━━ Given information

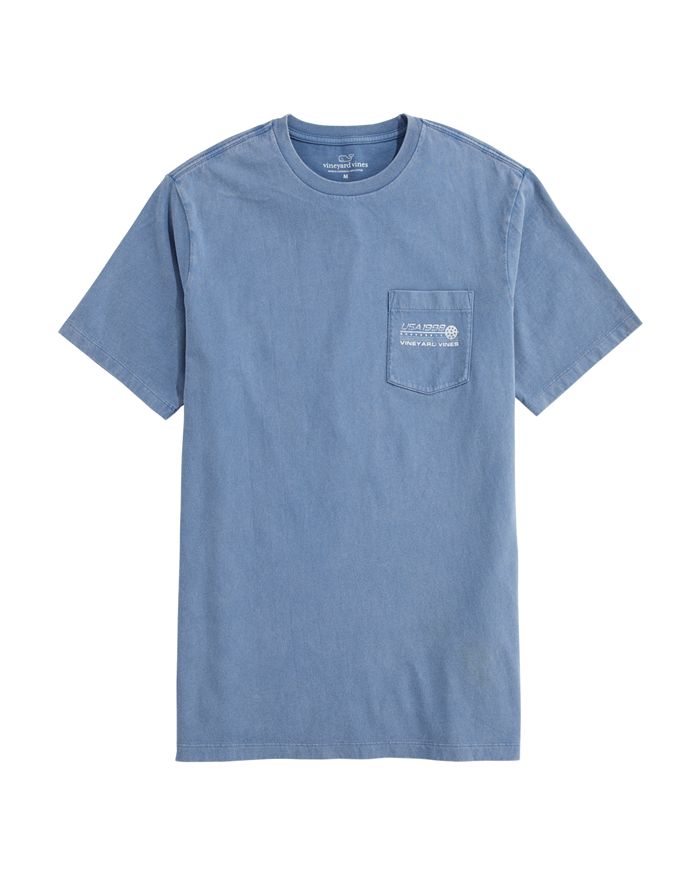 

Футболка с коротким рукавом и карманом Drift Dye USA для пиклбола Vineyard Vines, синий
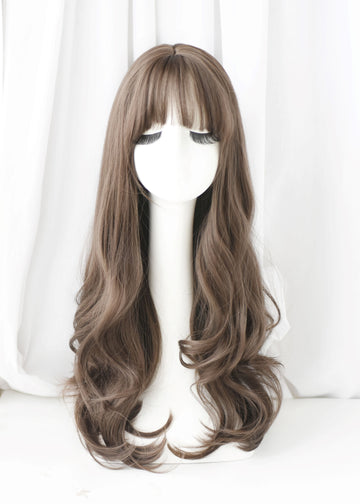 SAKUMETA Grey Brown Body Wave With Bang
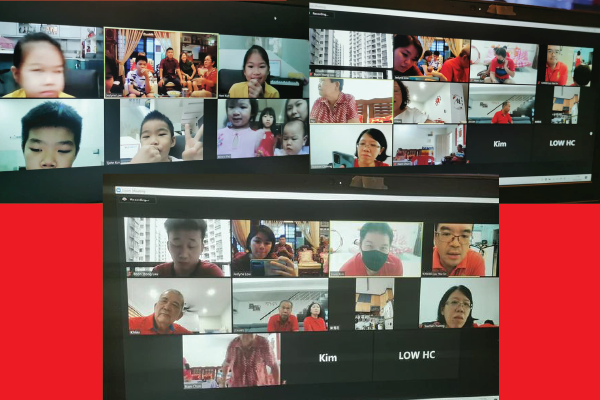 The Low family having a virtual 'bai nian' on the first day of the Chinese New Year. PIX: Courtesy of Low P.Y.
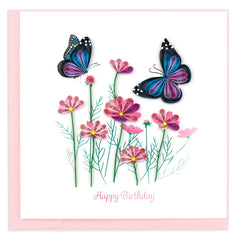 Quilled Birthday Flowers & Butterflies Greeting Card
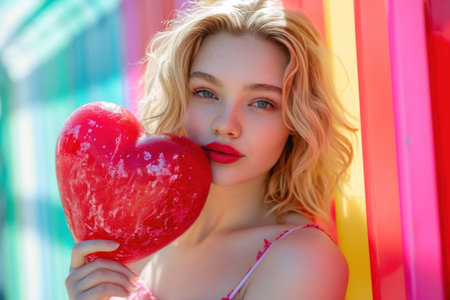 Beautiful girl with a red heart-shaped balloon in her handsの素材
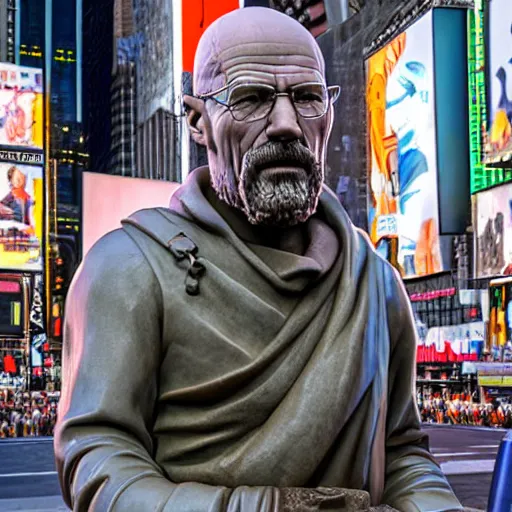 Image similar to extremely detailed renaissance sculpture of walter white by michelangelo, standing in times square, 3 d render, hyper detailed, sharp focus, 8 k resolution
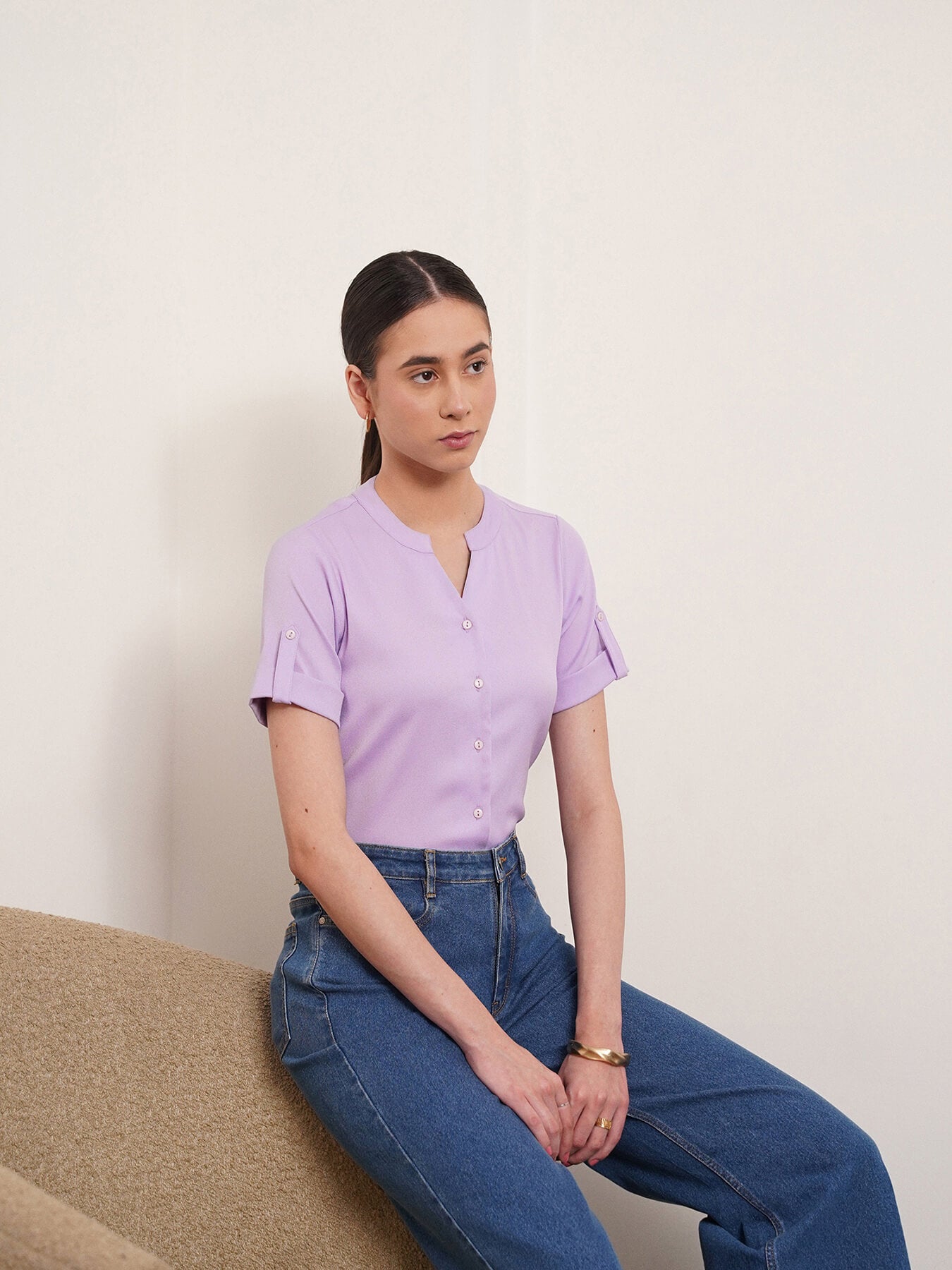V Neck Button Detail Top - Lavender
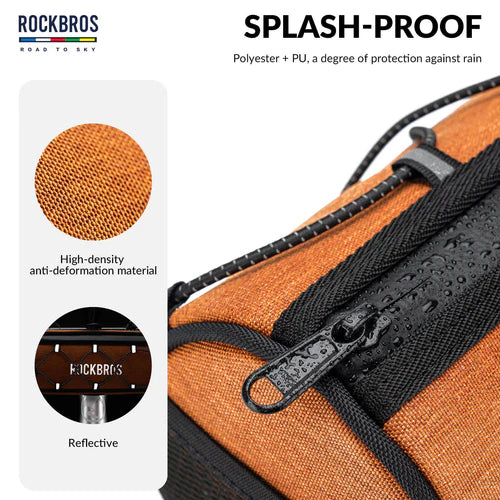 ROCKBROS 1.5L Bike Handlebar Roll Bag with Twist Lock Mount and Waterproof Design
#Color_Orange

━━━━

Exercise: The records above need to be restated word for word, with the pictures left out.

Completed exercise:
Футболка с коротким рукавом и карманом Drift Dye USA для пиклбола Vineyard Vines, синий
 SAKUMETA Grey Brown Body Wave With Bang
 The Low family having a virtual 'bai nian' on the first day of the Chinese New Year. PIX: Courtesy of Low P.Y.
 Quilled Birthday Flowers & Butterflies Greeting Card
 Beautiful girl with a red heart-shaped balloon in her handsの素材
 Image similar to extremely detailed renaissance sculpture of walter white by michelangelo, standing in times square, 3 d render, hyper detailed, sharp focus, 8 k resolution
V Neck Button Detail Top - Lavender
 ROCKBROS 1.5L Bike Handlebar Roll Bag with Twist Lock Mount and Waterproof Design
#Color_Orange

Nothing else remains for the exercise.